▶ [Exercise requirements] Hand back every line from the beginning of the data below through the line containing "Flowering bushes trees", word for word and free of pictures.

*** Opening Information shown ***

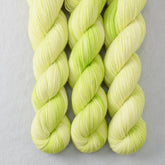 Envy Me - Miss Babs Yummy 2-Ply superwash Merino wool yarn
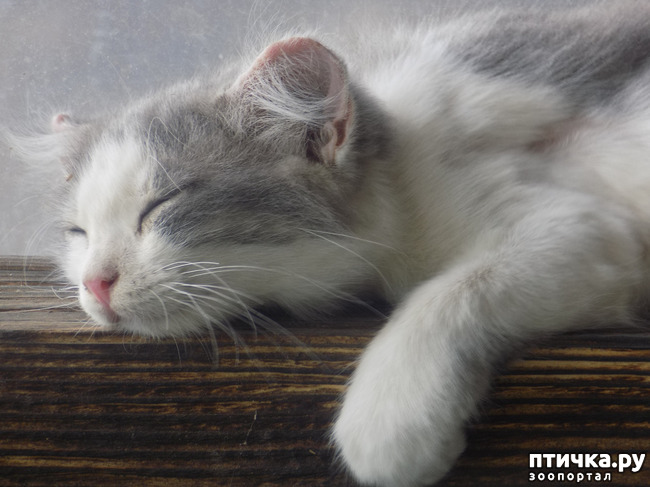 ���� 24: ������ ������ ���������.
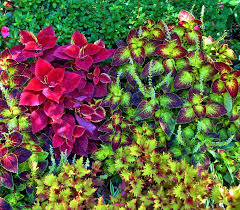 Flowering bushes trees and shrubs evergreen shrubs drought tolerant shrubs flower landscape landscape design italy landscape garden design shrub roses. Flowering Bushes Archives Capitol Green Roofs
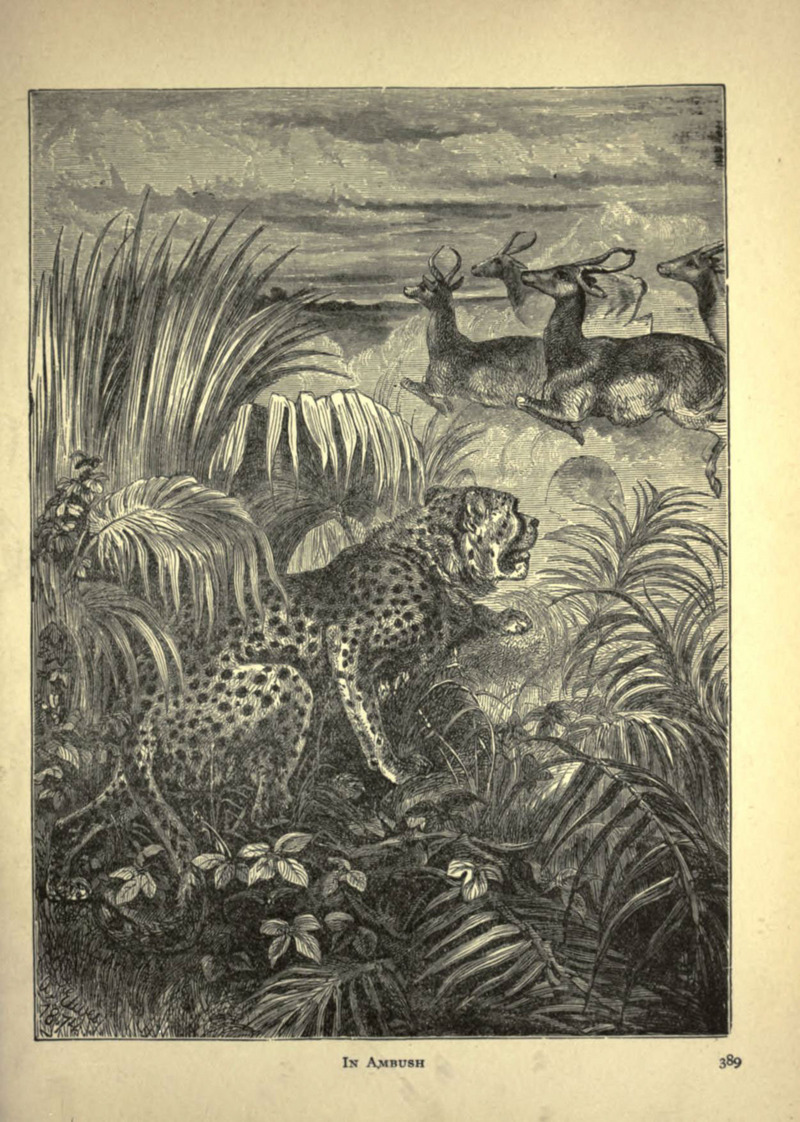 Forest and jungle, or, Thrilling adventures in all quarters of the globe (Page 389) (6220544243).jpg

*** Closing Information shown ***

▶ [Task solution]
 Envy Me - Miss Babs Yummy 2-Ply superwash Merino wool yarn
 ���� 24: ������ ������ ���������.
 Flowering bushes trees and shrubs evergreen shrubs drought tolerant shrubs flower landscape landscape design italy landscape garden design shrub roses. Flowering Bushes Archives Capitol Green Roofs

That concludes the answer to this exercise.